The number of available products in the residential sector dropped by 517 over the month to leave 3,890 products in September - the lowest number reported by Moneyfacts in over a year (April 2021 - 3,842). This is 1,425 fewer than were available at the start of December 2021 (5,315) before the first of the recent base rate increases. The number of products offered fell across all loan-to-value tiers, the first time this has happened since April 2020.
Elsewhere, the average Standard Variable Rate or ‘revert to’ rate (SVR) has increased for a ninth successive month, rising by 0.23% to 5.40%. This is the largest monthly rise on Moneyfacts records going back to December 2007 and the highest average rate in over a decade (December 2008 - 5.68%).

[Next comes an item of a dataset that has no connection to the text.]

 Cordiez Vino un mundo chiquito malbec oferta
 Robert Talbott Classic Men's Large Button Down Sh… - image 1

Both the average overall two- and five-year fixed rates have risen for an 11th consecutive month. The average two-year fixed rate is 4.24%, the highest since January 2013 (4.24%), and 1.90% above where it sat in December 2021 (2.34%). The equivalent average five-year fixed rate of 4.33% is the highest since November 2012 (4.47%), an increase of 1.69% above the equivalent rate from December 2021 (2.64%).

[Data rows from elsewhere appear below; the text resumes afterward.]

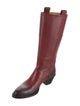 Gucci Leather Lasercut Accents Riding Boots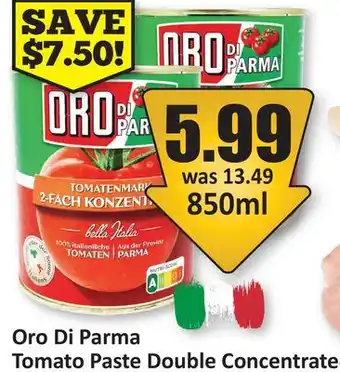 Starsky Oro Di Parma Tomato Paste Double Concentrated offer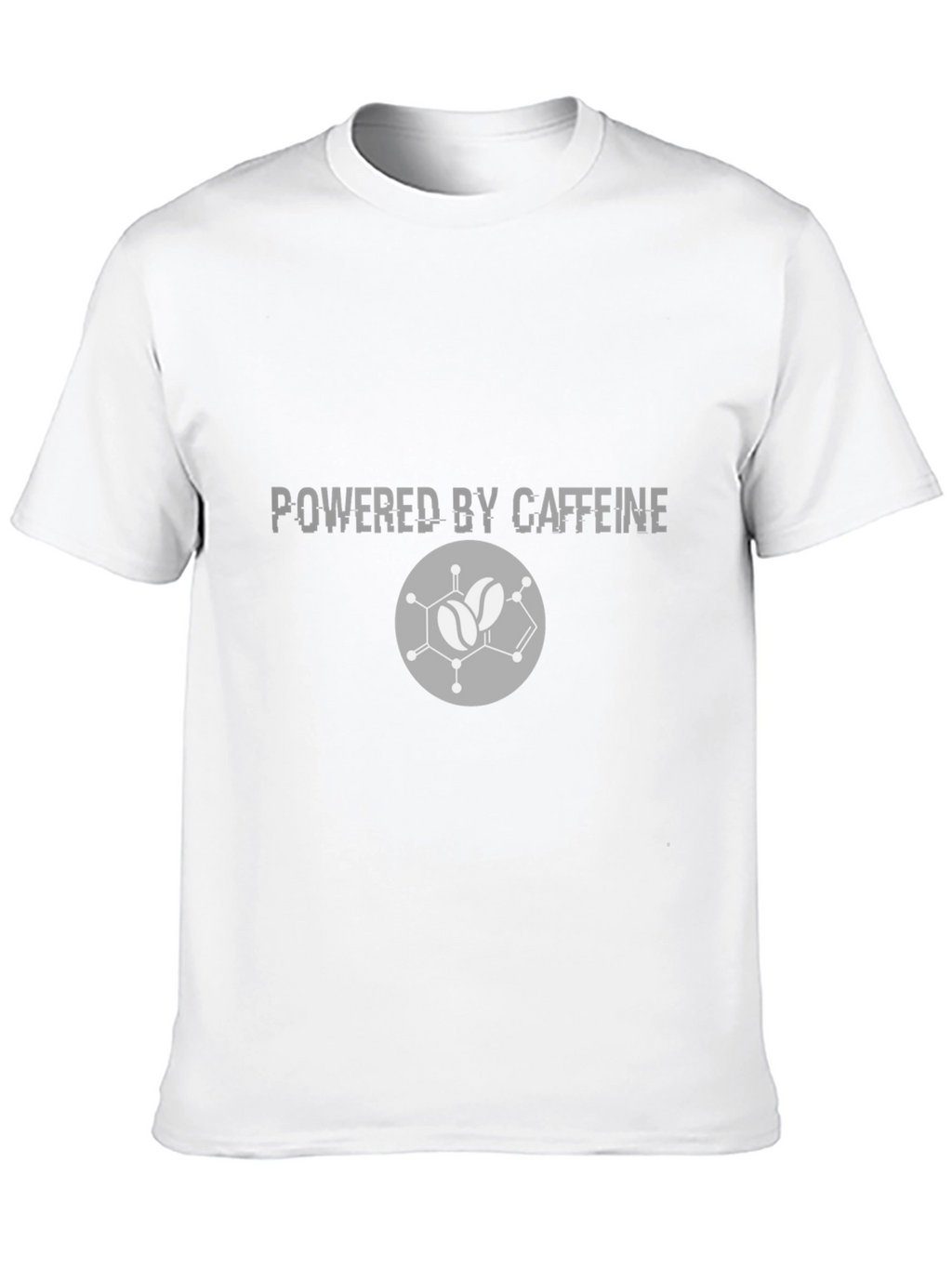 Powered by Caffeine Graphic Tee - Black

Eleanor Williams, Finance Expert at Moneyfacts, said:
“Would-be mortgage borrowers will find that the level of product choice they are faced with has dropped again this month, now down to a level not seen in over a year (April 2021 – 3,842). This month began with 3,890 deals to choose from – a notable 1,425 fewer than the 5,315 products on offer in December 2021. The average product shelf life rose to 28 days in September, up from the record low of 17 days last month, but rather than this indicating a more stable mortgage market, when considered alongside the significant number of product withdrawals it may instead be a sign that lenders are tightening and condensing their ranges and focusing their product offerings.
“It’s unlikely to be a surprise that average rates have continued to march upwards, with both the average overall two- and five-year fixed rates rising for the 11th consecutive month. The average two-year fixed rate is 4.24%, the highest since January 2013 (4.24%), and 1.90% above where this sat in December 2021. The equivalent average five-year fixed rate of 4.33% is the highest since November 2012 (4.47%), an increase of 1.69% since December 2021.
“This may well be disappointing for many, particularly those with a now maturing two-year fixed rate deal who may be feeling rather concerned that at 4.24% the overall average rate is now 2.00% higher than when they secured their deal (September 2020 – 2.24%) – which may equate to payments on average of over £200 per month more than they have been used to paying*. However, it’s important these borrowers are not put off exploring their options, as the average SVR or revert to rate has also risen, currently sitting at a 5.40% - the highest we have recorded in over 13 years (Dec 2008 – 5.68%). Those who fall onto this could see their payments rise by an even more dramatic £344, and of course would not be protected from any future rate rises.
“As may be expected, the average two-year tracker rate has also risen, shifting in line with the recent base rate increases. At 3.33%, this is 1.75% higher than the equivalent average rate in December 2021 (1.58%). While this is lower than the current average two- or five-year fixed rates, it’s important that those tempted by one of these products, especially if that preference is based on the lower initial rate, speak to a qualified adviser to consider the implications. With another base rate rise possible this month, and the chance of two further increases before year end, ensuring their mortgage remains affordable if rates continue to increase is vital.”